This action will spit out the comment it tried to post (escaped for posting) into the action log, so you can retrieve it and manually reason through it.

This is understandably less than ideal.

Example workflow snippet:

on:
  push:
  pull_request:
    # this is not recommended because comments will not work for
    # PRs from forks by non members.

It's possible to create a Personal Access Token and configure it with permission to comment, but that's a fairly high bar (I haven't done it myself).

Instead, for projects that receive PRs, I've settled on using a schedule which will be able to comment.

issue_comment

If you want to let user update the expect list from a PR (smoothly with a deploy key), you can use a job like this:

on:
  issue_comment:
    types:
    - 'created'

jobs:
  update:
    name: Update PR
    permissions:
      contents: write
      pull-requests: write
      actions: read
    runs-on: ubuntu-latest
    if: ${{
        github.event_name == 'issue_comment' &&
        github.event.issue.pull_request &&
        contains(github.event.comment.body, '@check-spelling-bot apply')
      }}
    steps:
    - name: apply spelling updates
      uses: check-spelling/check-spelling@main
      with:
        experimental_apply_changes_via_bot: 1
        checkout: true
        ssh_key: "${{ secrets.CHECK_SPELLING }}"

schedule

🙅 Breaking change: Dropping support for on: schedule after v0.0.22

This is basically a cron job run by GitHub. It will look through open PRs and comment if they've been updated since the last run (assuming the timeframe is correct).

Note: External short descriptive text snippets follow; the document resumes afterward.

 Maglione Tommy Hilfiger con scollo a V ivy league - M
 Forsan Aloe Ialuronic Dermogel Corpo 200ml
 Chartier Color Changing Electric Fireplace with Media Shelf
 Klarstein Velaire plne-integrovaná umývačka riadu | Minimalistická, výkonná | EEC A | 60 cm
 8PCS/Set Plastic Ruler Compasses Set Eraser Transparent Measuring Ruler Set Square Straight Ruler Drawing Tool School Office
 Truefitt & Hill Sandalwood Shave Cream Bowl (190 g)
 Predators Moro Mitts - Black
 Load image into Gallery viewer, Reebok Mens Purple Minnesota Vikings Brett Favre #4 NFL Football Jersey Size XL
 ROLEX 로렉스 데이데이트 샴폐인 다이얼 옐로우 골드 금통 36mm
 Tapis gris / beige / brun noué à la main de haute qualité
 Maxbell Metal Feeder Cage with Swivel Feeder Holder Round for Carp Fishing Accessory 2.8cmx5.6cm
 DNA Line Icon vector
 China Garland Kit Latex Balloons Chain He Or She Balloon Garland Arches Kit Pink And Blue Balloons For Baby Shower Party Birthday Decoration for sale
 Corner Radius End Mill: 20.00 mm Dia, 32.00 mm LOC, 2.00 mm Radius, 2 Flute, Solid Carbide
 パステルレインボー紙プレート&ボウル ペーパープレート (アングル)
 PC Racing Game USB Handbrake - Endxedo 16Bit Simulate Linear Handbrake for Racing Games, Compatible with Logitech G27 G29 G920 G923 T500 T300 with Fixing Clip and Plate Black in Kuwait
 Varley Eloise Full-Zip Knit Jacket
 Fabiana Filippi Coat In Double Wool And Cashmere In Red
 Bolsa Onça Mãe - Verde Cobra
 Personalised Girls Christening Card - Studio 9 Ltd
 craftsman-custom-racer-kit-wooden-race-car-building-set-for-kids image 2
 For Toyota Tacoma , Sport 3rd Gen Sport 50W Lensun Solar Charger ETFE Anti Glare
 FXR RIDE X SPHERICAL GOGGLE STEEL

See timeframe for the configuration window.

Example workflow snippet:

on:
  push:
  schedule:
    # * is a special character in YAML so you have to quote this string
    - cron: '15 * * * *'

Cons: There will not be a ❌ for the PR, so you have to look for a comment.

Draft

If you don't want PRs to be spell checked eagerly, you can do something like:

name: Spell checking
on:
  pull_request_target:
    branches:
      - "**"
    types: ['opened', 'reopened', 'synchronize', 'ready_for_review']

jobs:
  build:
    name: Spell checking
    runs-on: ubuntu-latest
    if: github.event.pull_request.draft == false
...

There are two sides to this:

  1. An additional if: condition for github.event.pull_request.draft == false -- this suppresses checks while the PR is in draft (note that any initial push events will still run and may trigger scanning / reporting if it's unhappy, but subsequent runs once a PR is opened will be suppressed by check-spelling's suppress_push_for_open_pull_request)
  2. on: / pull_request_target: / types: / 'ready_for_review' -- this triggers a check when someone converts the PR from draft to ready for review (otherwise you'd have to wait for an additional push, which would be frustrating).